The pictures on view were found over the last decade or more in thrift shops, flea markets and antique stores in Europe, the United States and Mexico, where the Belgian-born Alys lives. Some are signed, many are not, and most appear to be the work of amateurs.

They're devotional pictures painted by the faithful or, in the case of some jewelry and a few souvenirs, no doubt commercially produced. All are based on the same long-lost work by the once-fashionable, now largely forgettable French academic painter, Jean-Jacques Henner (1829-1905).

Oil paint on canvas is the favored medium, although there are lots of others: needlepoint, collage, charcoal, carved and inlaid wood, plaster, reverse-painting on glass, colored foil, enamel, etc. One is even made from seeds and beans. Thirty works are shown in a display case -- the jewelry, a commemorative plate, decorated boxes and other souvenirs. The oldest dated work I found was made in April 1922 and the most recent in August 1992.
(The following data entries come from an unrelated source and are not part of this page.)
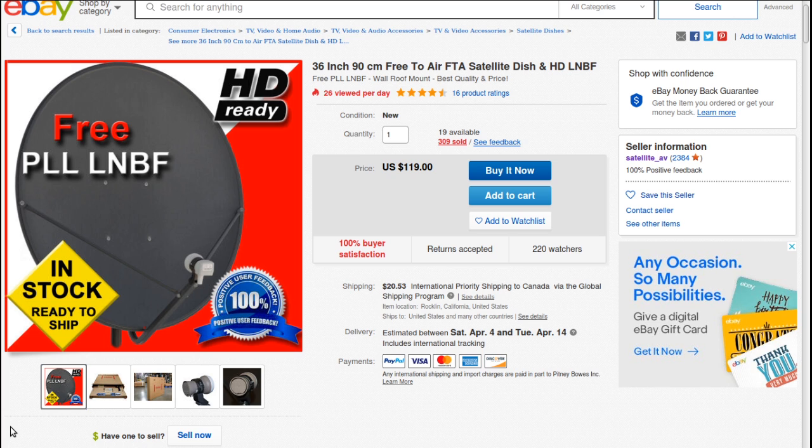I've been asked about what dish to get. Everyone's needs are different, but if you're looking to start in the free-to-air hobby — aim a satellite dish at the sky, see what channels are up there for free — I would highly recommend this dish here, which is a 36-inch, 90-centimeter free-to-air satellite dish.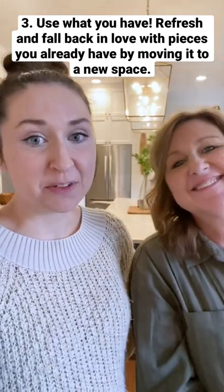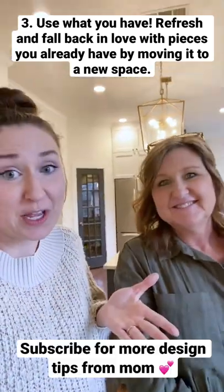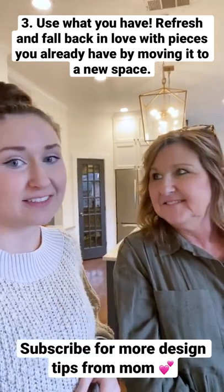Use what you have. Don't be afraid to move things around that you already have. Just don't get bored — get creative. I learned that from you.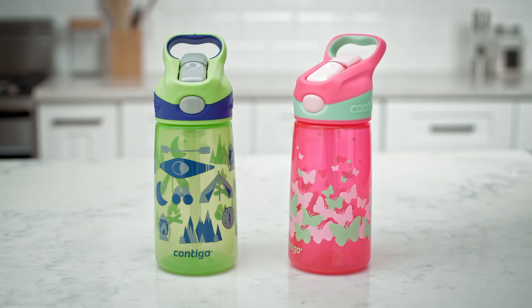Your AutoSpout Striker water bottle can be washed in two ways: hand rinsed and using your dishwasher, or hand rinsed along with soaking and scrubbing.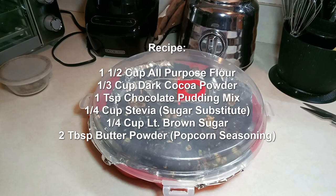Here's the recipe. Everything was put into the bowl of the stand mixer: one and a half cups of all-purpose flour, one third cup dark cocoa powder, one teaspoon chocolate pudding mix, one fourth cup stevia (that's a sugar substitute), one fourth cup light brown sugar, two tablespoons butter powder, and the butter seasoning for popcorn — cuts way down on the use of butter.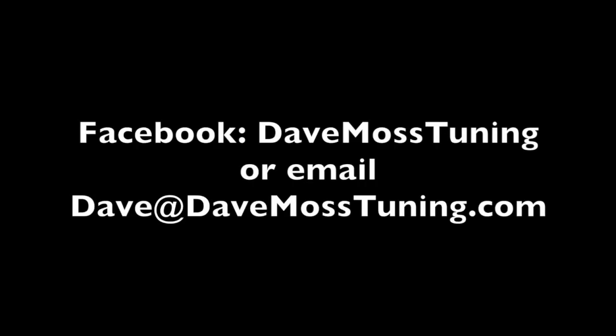To schedule a remote tuning appointment for you and your bike with Dave via text, email, Facebook, etc., contact Dave on Facebook or by email at Dave@DaveMossTuning.com. We'll see you next time.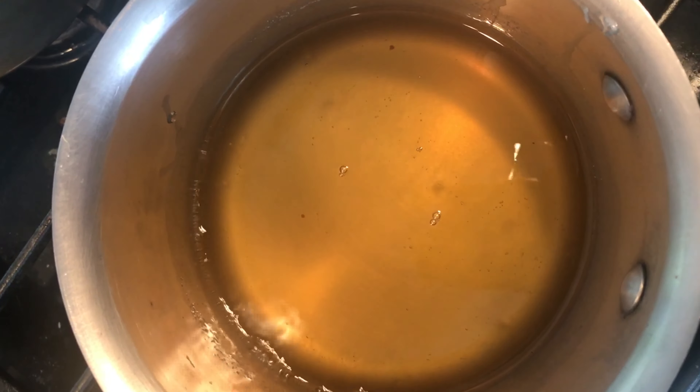This is from the class yesterday. You get this wonderful glowing vinegar syrup, and I'll show you what we're going to do with that.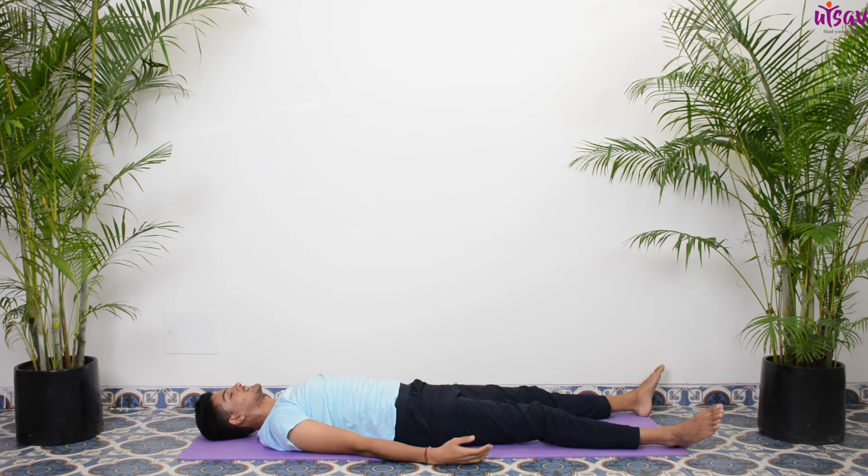Open your feet one to one-and-a-half feet apart, toes pointing outside, heels inside. Hands by your side, palms facing upward. Shoulders are relaxed, back of the head and top of the head resting gently on the floor. Close your eyes. Make yourself comfortable.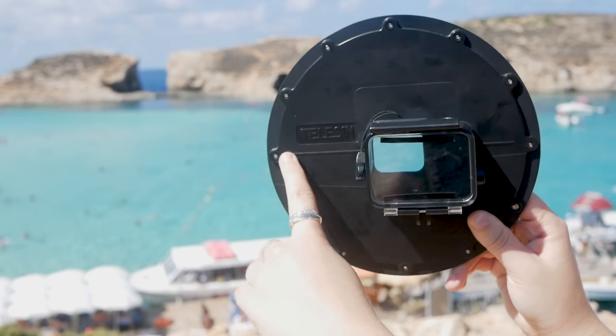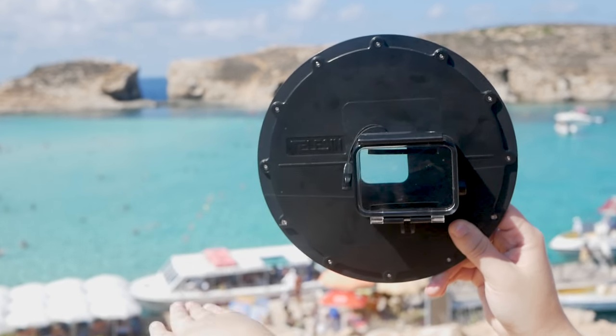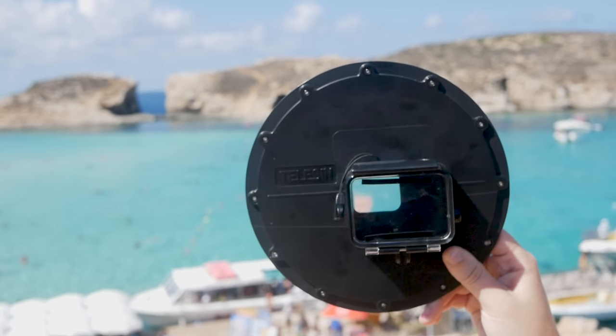The line on the back of the dome indicates where the water level should be when you're taking your photos.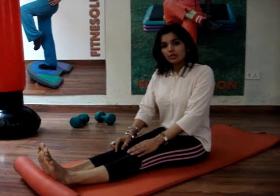Padmasana is a lotus pose, very effective to go into a meditation. What we generally do is sit cross-legged — this is Sukhasana. This is the easy version; this is half of the lotus pose.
The composition is almost always the same: a left-facing profile of a middle-aged Caucasian woman with a slight overbite, wearing a red veil and posed before a plain brown background. Variations include changes in hair color beneath her veil -- blond, black and auburn, rather than brown -- and in the dark background's hue. Her general facial expression subtly shifts; sometimes she seems to grimace, elsewhere to daydream.